EXERCISE DESCRIPTION ▸
Your reply should be the records below, duplicated exactly, with any picture removed.

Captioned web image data

=== Begin Enclosure ===

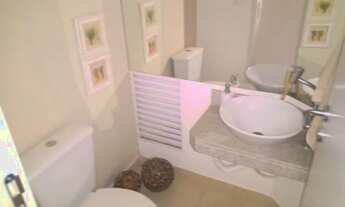 Imagem 7: Casa em Condominio Prontas para morar R$ 245 mil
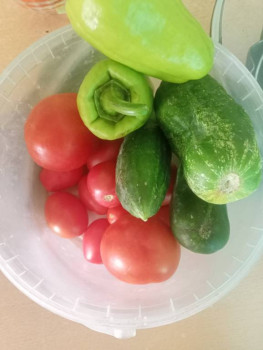 Рецептик дня -4 - IMG20230812143641.jpg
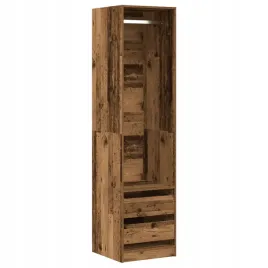 szafa-stare-drewno-50x50x200-cm-material-drewnopochodny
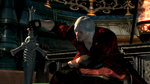 Devil May Cry 4: Satanic New Screens News image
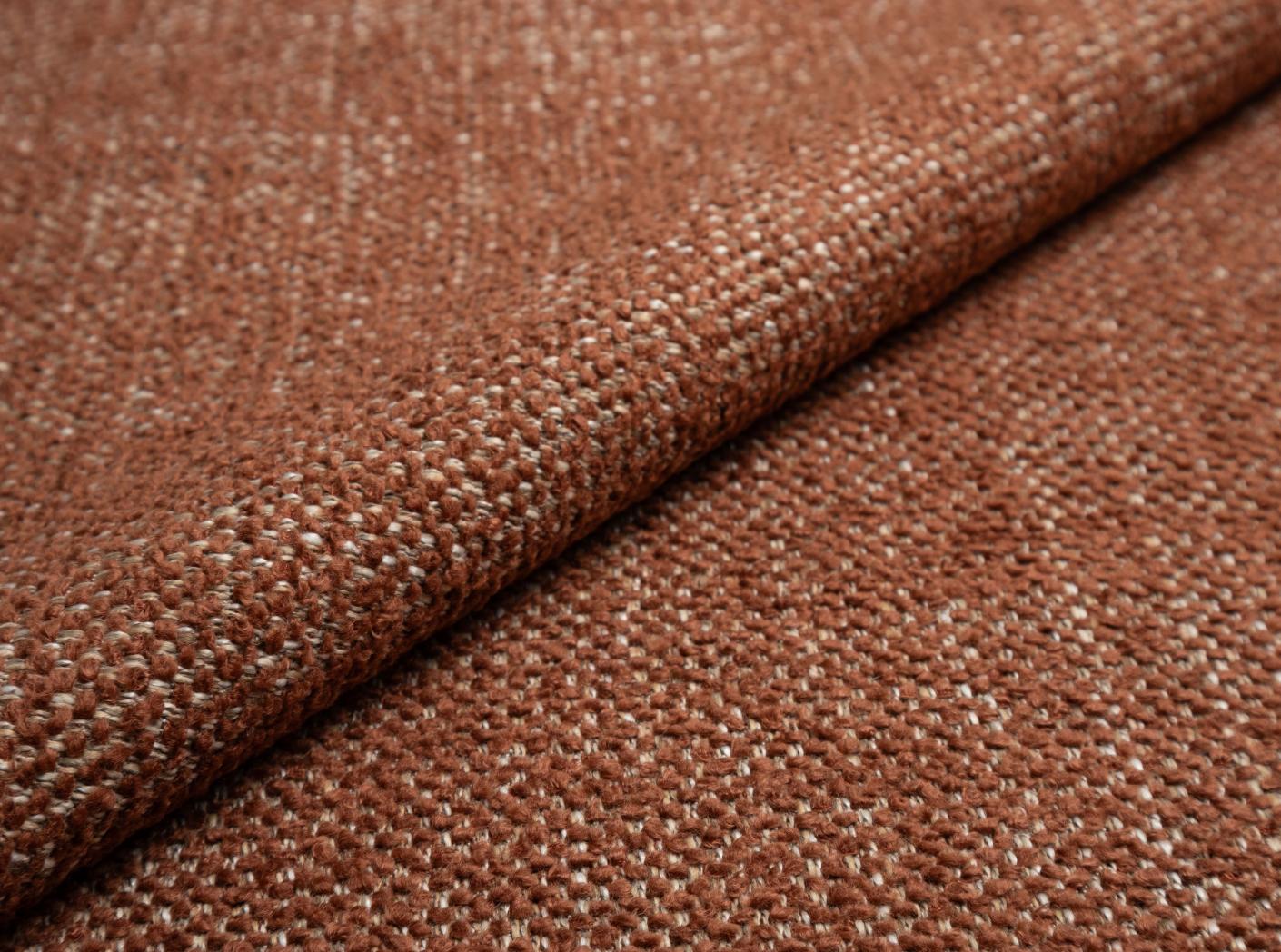 Liberty 500 Brick Liberty 500 Brick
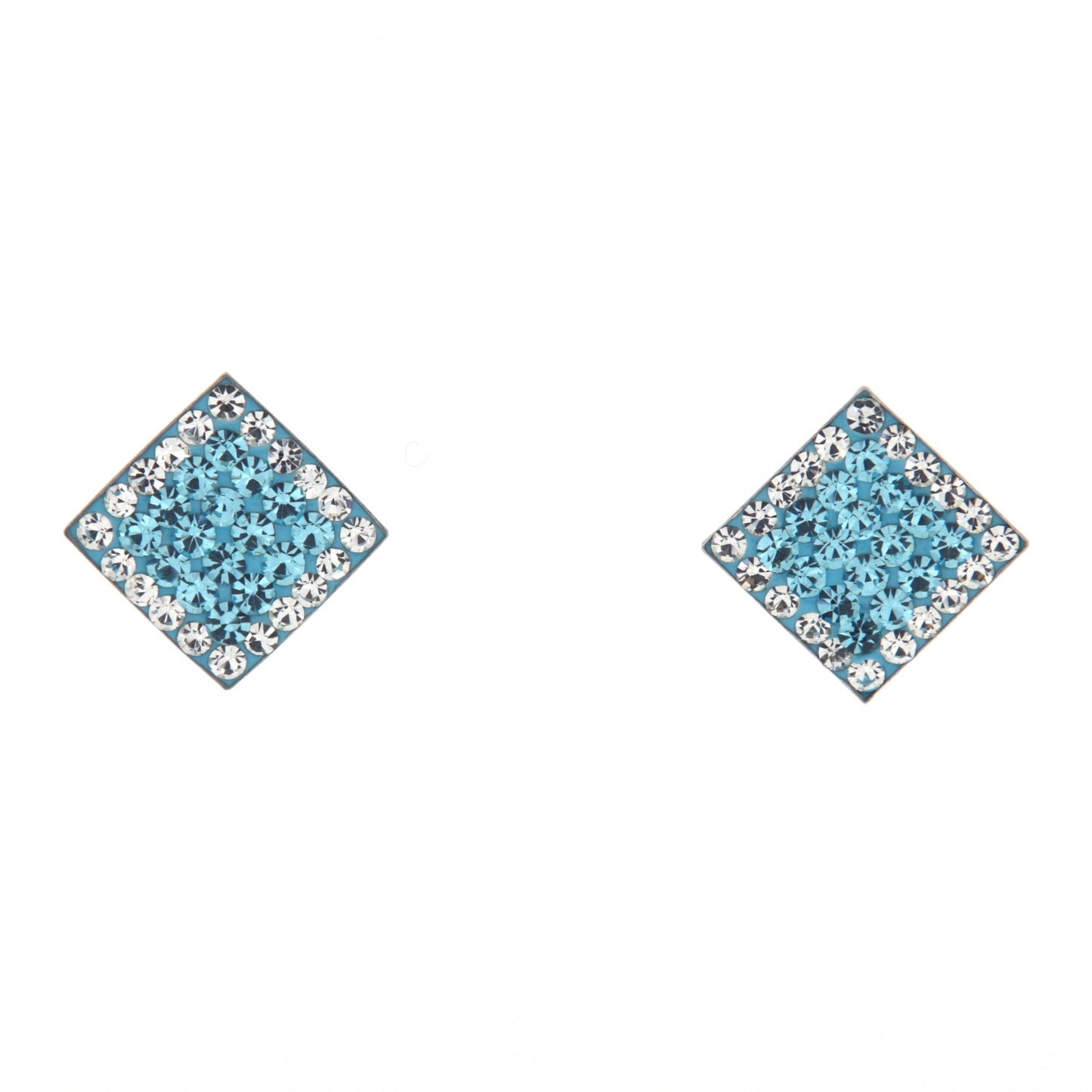 Orecchini Argento 925 FEDERICA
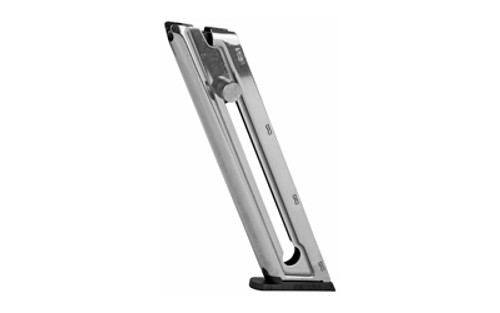 MAG BERETTA U22 NEOS 22LR BLUE 10RD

=== End Enclosure ===

PROBLEM SOLUTION ▸
 Imagem 7: Casa em Condominio Prontas para morar R$ 245 mil
 Рецептик дня -4 - IMG20230812143641.jpg
 szafa-stare-drewno-50x50x200-cm-material-drewnopochodny
 Devil May Cry 4: Satanic New Screens News image
 Liberty 500 Brick Liberty 500 Brick
 Orecchini Argento 925 FEDERICA
 MAG BERETTA U22 NEOS 22LR BLUE 10RD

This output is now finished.